Dataset section:
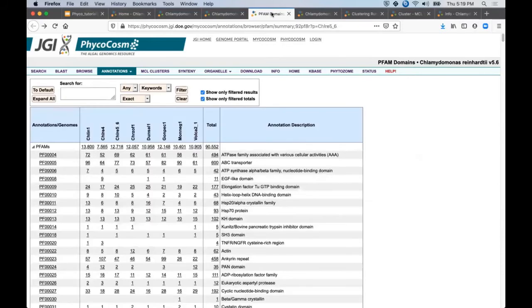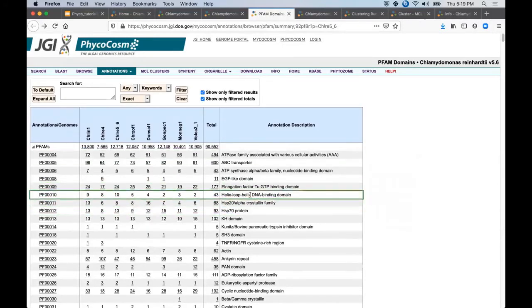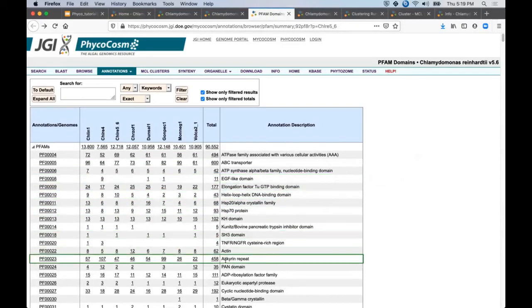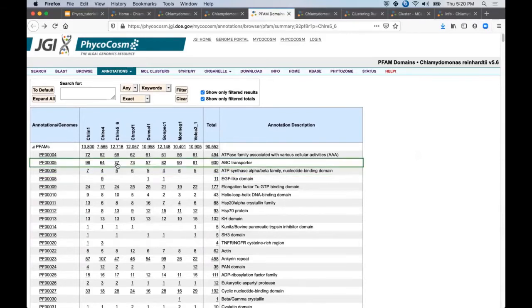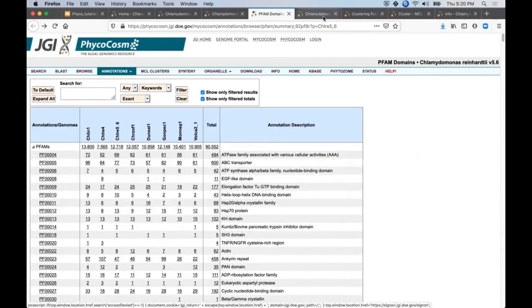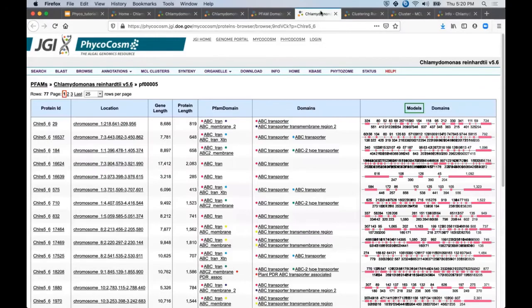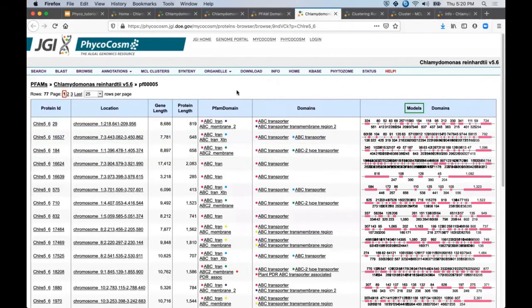We also provide PFAM domain assignments and again you can click on the rows to view the genes that share particular domain homology. For a quick example, let's view the C. reinhardtii specific genes sharing this ABC transporter domain.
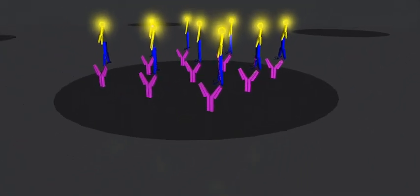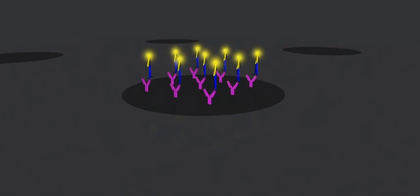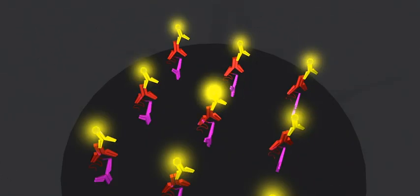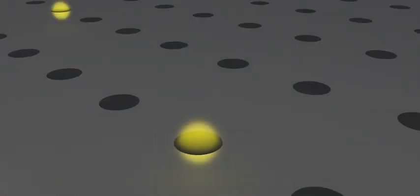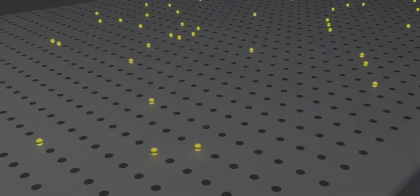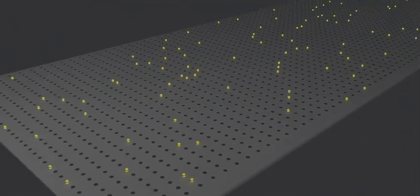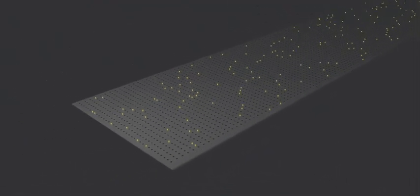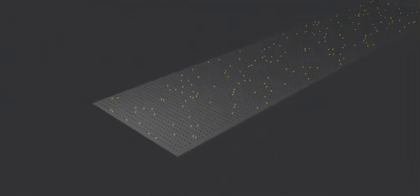Since we know the address of every protein on the array, we know which ones are lighting up and by looking at the lighting patterns from many different patients, we can learn which ones are key to early disease detection.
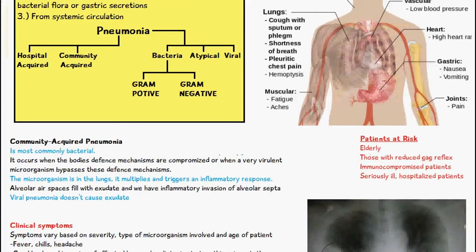Some of the patients at risk are those who are elderly, those with a reduced gag reflex, immunocompromised patients, and those who are seriously ill and hospitalized.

Exercise brief:
Omit all pictures, and repeat exactly the lines from the line containing "Since we know" through the end of the data.

Answer for the task:
Since we know the address of every protein on the array, we know which ones are lighting up and by looking at the lighting patterns from many different patients, we can learn which ones are key to early disease detection.
Some of the patients at risk are those who are elderly, those with a reduced gag reflex, immunocompromised patients, and those who are seriously ill and hospitalized.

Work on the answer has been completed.